厚生年金の加入期間が長いほど、年金額は増えます。60歳以降も働き続けることで、年金額を増やすことができます。 70歳まで働いた場合、加入期間が10年延びるため、年金額が約25%増加する可能性があります。
平均標準報酬月額が高いほど、年金額は増えます。昇進や転職により給与が上がれば、その分年金額も増加します。 ただし、標準報酬月額には上限(2023年度:65万円)があります。

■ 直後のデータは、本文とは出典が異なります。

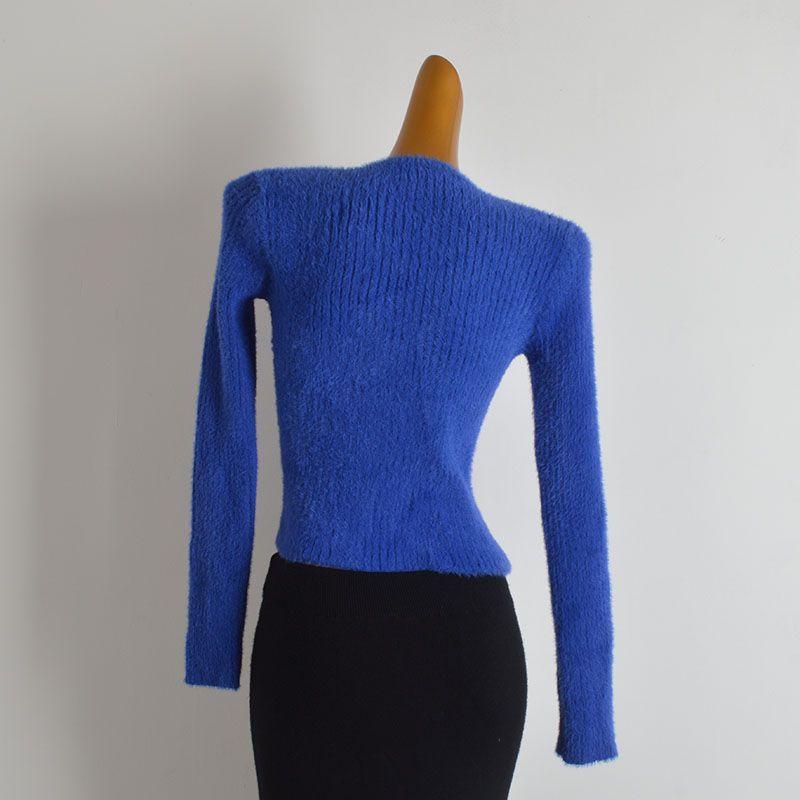 French Simplicity New Arrival Anti-Mink Velvet Crew Neck Pullover Sweater Knitwear Women's Clothing Fall/Winter Slim Soft Glutinous Long Sleeves Tops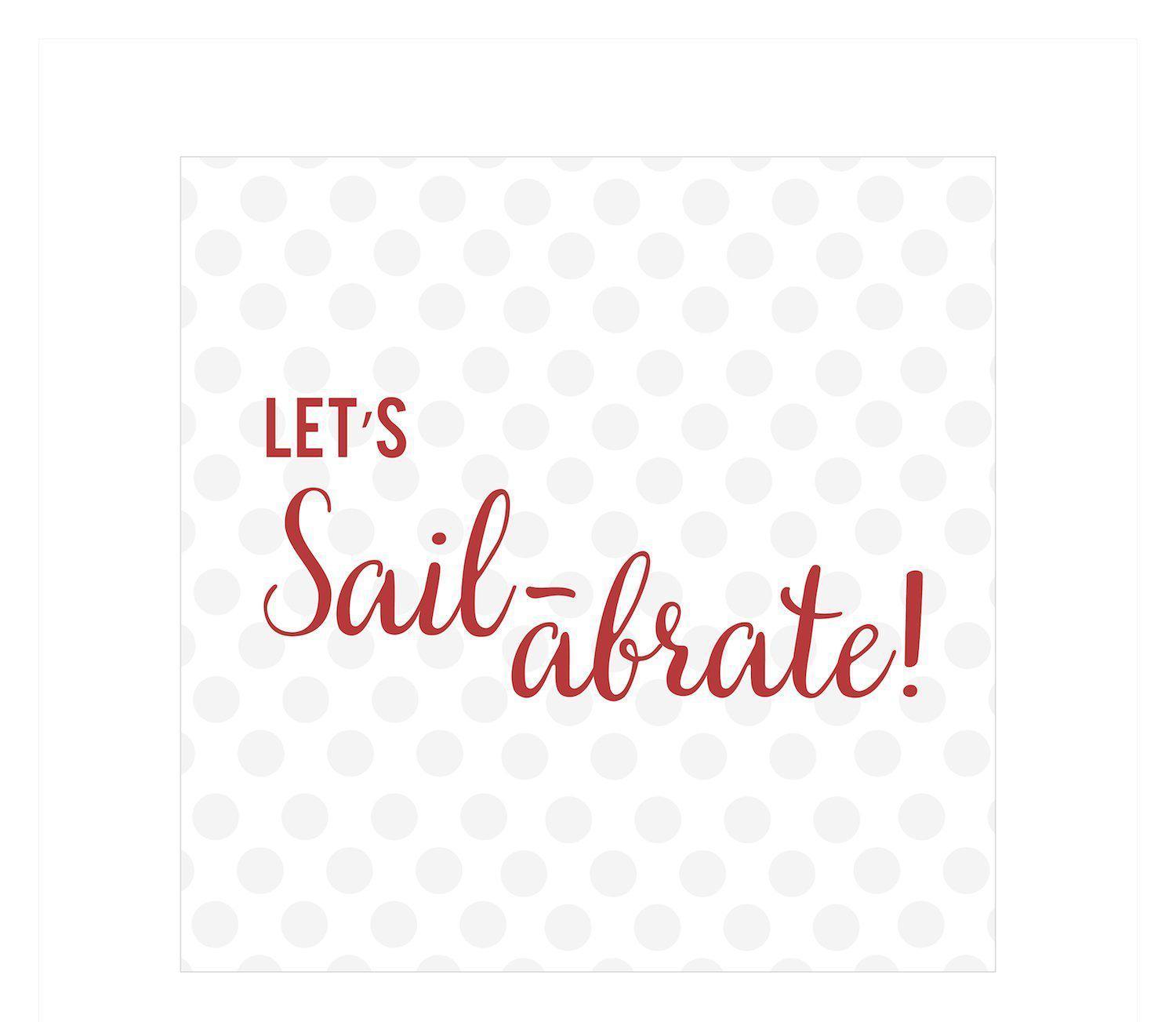 Sail Away Nautical Birthday Square Gift Labels-Set of 40-Andaz Press-Let's Sail-abrate-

年金の受給開始を遅らせることで、年金額を最大84%(75歳受給開始)増やすことができます。 健康状態や資産状況を考慮して、繰下げ受給を検討しましょう。
60歳以降、老齢基礎年金が満額でない場合、65歳まで国民年金に任意加入することで、老齢基礎年金を増やすことができます。 保険料(月額16,520円、2023年度)を納付することで、年金額を年間約20,000円増やせます。
iDeCoは、公的年金に上乗せする私的年金制度です。掛金が全額所得控除となり、運用益も非課税です。 60歳以降に年金または一時金として受け取ることができ、退職後の生活資金を増やすことができます。